Pour la première fois, une étude épidémiologique nationale fait le point sur la surmortalité dans l’un des pays les plus atteints par la pandémie avec 36 000 victimes au 8 octobre. Cet article a été rendu public vendredi 9 octobre dans la revue scientifique PLOS One. Conclusion des chercheurs de l’University College of London et de l’Imperial College of London: en Lombardie, la région la plus touchée de l’Italie, 10 197 décès en excès «peuvent s’expliquer par le fait que certaines personnes qui auraient normalement eu accès aux soins de santé ont été empêchées ou retardées d’une manière ou d’une autre». Un phénomène similaire, mais dans des proportions moindres, s’est produit au nord-ouest et au nord-est de l’Italie, avec plus de 2000 décès supplémentaires.
«Ce sont ces décès qui, avec une meilleure planification des soins de santé, auraient pu être évités»
Gianluca Baio, chercheur à l’University College of London
Certes, une petite partie d’entre eux a peut-être été causée par le coronavirus, mais n’a pas été enregistrée comme telle, précisent les chercheurs. Cela dit, un bon nombre de morts trouve son origine dans la saturation des systèmes de santé. Pour Gianluca Baio, chercheur au Centre statistique de l’University College of London et coauteur de l’étude, ce calcul de la surmortalité pendant la première vague de Covid-19 «donne l’ampleur réelle de la tragédie, en allant au-delà des décès confirmés par le Covid-19 pour inclure ceux qui étaient une conséquence indirecte de la pandémie. Ce sont ces morts qui, avec une meilleure planification des soins de santé, auraient pu être évitées.»
Pourquoi ces personnes ont-elles donc succombé? «Parce qu’elles ont sûrement eu un infarctus, un accident vasculaire cérébral ou une infection, répond Silvia Stringhini, directrice de l’Unité d’épidémiologie populationnelle des Hôpitaux universitaires genevois (HUG). Il faut comprendre qu’au mois de mars et avril, dans cette région, le danger le plus important pour la population n’était pas d’attraper le covid, mais de souffrir d’autres maladies. Il était simplement impossible d’accéder aux soins. Même les médecins de famille ne pouvaient plus aider, car beaucoup étaient contaminés», rappelle cette spécialiste, elle-même originaire de Lombardie et qui a assisté à la débâcle.
Instrumentalisation
Les chiffres, livrés pour la première fois par cette étude, sont très parlants.

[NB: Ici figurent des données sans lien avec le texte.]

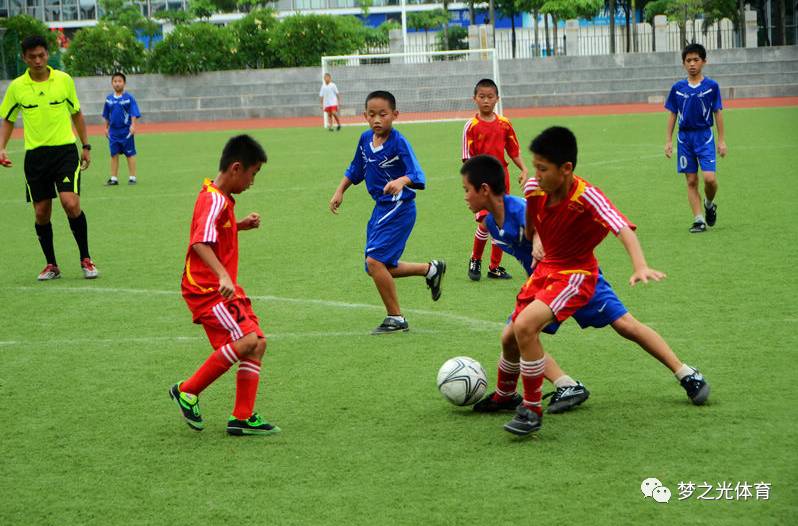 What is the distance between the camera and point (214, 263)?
199 inches

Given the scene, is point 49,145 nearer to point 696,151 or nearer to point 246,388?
point 246,388

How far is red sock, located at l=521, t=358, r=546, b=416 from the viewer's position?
503 centimetres

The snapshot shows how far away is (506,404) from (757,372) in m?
1.52

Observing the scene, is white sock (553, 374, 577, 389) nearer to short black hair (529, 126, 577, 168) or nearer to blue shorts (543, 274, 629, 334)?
blue shorts (543, 274, 629, 334)

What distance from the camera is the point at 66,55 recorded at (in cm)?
4003

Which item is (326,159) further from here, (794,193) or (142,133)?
(142,133)

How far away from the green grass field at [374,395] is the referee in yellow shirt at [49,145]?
562mm

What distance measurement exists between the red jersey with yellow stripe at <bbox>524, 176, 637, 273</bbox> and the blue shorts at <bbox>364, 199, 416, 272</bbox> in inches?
91.9

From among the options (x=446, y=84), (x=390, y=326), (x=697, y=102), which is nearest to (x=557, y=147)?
(x=390, y=326)

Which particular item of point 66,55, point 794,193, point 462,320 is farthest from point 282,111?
point 462,320

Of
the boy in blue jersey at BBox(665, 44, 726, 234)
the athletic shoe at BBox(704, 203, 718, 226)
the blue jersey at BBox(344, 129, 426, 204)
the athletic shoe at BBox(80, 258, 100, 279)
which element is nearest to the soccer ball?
the blue jersey at BBox(344, 129, 426, 204)

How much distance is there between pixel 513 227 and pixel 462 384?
2.85 feet

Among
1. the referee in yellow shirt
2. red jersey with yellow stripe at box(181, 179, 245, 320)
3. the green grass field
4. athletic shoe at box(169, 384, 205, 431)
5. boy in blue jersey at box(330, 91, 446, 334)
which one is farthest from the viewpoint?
the referee in yellow shirt

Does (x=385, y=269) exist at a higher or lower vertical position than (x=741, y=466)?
higher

Et l’enjeu est grand: depuis le début de la pandémie, le calcul des victimes du covid est instrumentalisé à des fins politiques pour instaurer des politiques préventives, ou au contraire minimiser l’impact de la pandémie, selon les pays. Pour éviter les polémiques, les scientifiques britanniques ont développé un modèle clair et efficace, basé sur les chiffres officiels de l’Institut italien de statistique, dont les données 2020 concernent 7251 villes du pays, soit plus de 93% de sa population. Leurs résultats ont été comparés et pondérés avec la surmortalité lors des hivers 2016, 2017, 2018 et 2019.

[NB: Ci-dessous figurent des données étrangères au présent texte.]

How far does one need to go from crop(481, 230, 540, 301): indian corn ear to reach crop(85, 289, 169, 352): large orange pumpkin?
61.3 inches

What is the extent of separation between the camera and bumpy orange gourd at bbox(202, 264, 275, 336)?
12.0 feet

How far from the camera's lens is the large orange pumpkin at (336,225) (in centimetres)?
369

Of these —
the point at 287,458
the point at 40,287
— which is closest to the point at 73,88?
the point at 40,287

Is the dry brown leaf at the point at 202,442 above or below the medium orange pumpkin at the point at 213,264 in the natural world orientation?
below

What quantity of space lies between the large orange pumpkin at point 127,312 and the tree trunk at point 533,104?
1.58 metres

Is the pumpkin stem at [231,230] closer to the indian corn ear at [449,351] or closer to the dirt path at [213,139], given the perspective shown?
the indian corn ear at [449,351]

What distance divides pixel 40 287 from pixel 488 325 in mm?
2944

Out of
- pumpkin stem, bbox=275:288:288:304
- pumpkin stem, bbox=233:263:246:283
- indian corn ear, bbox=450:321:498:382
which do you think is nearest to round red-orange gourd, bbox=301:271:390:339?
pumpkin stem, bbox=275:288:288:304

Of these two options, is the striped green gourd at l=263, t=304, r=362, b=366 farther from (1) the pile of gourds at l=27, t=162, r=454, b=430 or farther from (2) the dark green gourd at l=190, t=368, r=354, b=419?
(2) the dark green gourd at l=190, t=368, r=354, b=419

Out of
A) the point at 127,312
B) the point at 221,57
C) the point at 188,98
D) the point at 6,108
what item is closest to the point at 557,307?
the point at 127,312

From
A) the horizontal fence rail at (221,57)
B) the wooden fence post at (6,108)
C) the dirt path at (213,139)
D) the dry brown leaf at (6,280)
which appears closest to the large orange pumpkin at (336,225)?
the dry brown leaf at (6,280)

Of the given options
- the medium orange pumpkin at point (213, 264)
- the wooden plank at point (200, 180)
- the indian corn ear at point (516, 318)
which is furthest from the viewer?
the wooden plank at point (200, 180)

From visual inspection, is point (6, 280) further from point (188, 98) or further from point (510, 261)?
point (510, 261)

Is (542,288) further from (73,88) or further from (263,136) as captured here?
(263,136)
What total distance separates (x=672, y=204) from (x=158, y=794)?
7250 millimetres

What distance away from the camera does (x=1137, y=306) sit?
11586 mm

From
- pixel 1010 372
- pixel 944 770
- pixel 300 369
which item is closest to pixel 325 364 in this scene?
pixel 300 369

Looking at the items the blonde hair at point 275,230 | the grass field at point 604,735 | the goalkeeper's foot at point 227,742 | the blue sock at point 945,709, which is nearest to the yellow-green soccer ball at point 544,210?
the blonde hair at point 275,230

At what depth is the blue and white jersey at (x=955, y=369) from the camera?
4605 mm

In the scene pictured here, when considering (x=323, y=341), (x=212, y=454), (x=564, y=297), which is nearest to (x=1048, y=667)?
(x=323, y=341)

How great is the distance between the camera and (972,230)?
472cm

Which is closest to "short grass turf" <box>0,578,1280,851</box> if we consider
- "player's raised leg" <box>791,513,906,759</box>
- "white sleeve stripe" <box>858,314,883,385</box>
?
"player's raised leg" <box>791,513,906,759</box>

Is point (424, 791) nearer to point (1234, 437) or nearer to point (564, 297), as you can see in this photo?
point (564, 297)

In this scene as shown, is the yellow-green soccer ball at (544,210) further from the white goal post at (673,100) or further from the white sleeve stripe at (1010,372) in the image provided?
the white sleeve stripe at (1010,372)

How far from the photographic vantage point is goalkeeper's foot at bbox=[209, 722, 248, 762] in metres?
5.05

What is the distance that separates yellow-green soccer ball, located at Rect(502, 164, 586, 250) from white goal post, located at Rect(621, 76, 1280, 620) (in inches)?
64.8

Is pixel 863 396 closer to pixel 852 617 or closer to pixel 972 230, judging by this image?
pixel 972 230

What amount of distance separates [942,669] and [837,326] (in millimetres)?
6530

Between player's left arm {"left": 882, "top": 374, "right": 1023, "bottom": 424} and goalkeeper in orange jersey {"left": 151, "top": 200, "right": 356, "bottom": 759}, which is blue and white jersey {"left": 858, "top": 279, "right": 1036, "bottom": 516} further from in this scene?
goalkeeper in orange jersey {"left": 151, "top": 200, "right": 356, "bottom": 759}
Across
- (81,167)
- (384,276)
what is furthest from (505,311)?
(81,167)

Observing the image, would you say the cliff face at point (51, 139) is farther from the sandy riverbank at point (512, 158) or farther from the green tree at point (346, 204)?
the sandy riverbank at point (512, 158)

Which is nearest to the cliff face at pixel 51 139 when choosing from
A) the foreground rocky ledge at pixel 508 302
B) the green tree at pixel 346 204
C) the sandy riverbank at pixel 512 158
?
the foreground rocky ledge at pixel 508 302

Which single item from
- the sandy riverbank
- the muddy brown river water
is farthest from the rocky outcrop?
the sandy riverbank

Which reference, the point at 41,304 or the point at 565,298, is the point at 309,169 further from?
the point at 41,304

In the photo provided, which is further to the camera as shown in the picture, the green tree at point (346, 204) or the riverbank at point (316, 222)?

Antoine Flahault, directeur de l’Institut de santé globale à l’Université de Genève, rappelle que «l’étude de la mortalité en excès est l’une des meilleures façons d’évaluer les décès causés par le Covid-19». Pour cet expert, cette recherche est remarquable, notamment car c’est l’une des premières à se pencher aussi finement sur la surmortalité et ses variations dans le temps, et dans l’espace. D’un village à l’autre, les taux de décès varient en effet énormément. Pour la surmortalité chez les hommes, puisque les scientifiques la distinguent de celle des femmes, la ville de Plaisance, en Emilie-Romagne, est la première à atteindre un pic à la mi-mars, avec 177 morts pour 100 000 habitants, soit une surmortalité de 87%, suivie quelques jours plus tard de Bergame avec 89%, puis Pesaro avec 84%. Pendant ce temps, la proportion n’atteindra que 63% à Milan…

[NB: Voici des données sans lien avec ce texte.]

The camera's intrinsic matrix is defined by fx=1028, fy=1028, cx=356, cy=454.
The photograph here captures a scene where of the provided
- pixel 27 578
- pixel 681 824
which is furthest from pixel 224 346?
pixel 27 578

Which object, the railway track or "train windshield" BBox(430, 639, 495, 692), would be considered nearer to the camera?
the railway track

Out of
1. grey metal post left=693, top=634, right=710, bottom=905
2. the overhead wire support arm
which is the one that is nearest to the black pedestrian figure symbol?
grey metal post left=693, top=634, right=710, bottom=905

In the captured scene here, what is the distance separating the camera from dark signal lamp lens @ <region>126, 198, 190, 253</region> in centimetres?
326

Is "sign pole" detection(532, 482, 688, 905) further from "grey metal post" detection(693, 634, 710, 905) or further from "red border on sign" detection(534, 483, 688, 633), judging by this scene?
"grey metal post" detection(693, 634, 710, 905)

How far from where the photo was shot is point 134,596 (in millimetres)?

«L’hétérogénéité spatiale très importante de la première vague de Covid-19 est confirmée par cette étude, relève Antoine Flahault. Cela prouve aussi le rôle important de la réalisation massive de tests au début de la pandémie. Les régions d’Italie comme la Vénétie, qui ont su et pu déployer rapidement une infrastructure de testing massive, ont enregistré de bien meilleurs résultats que les autres.»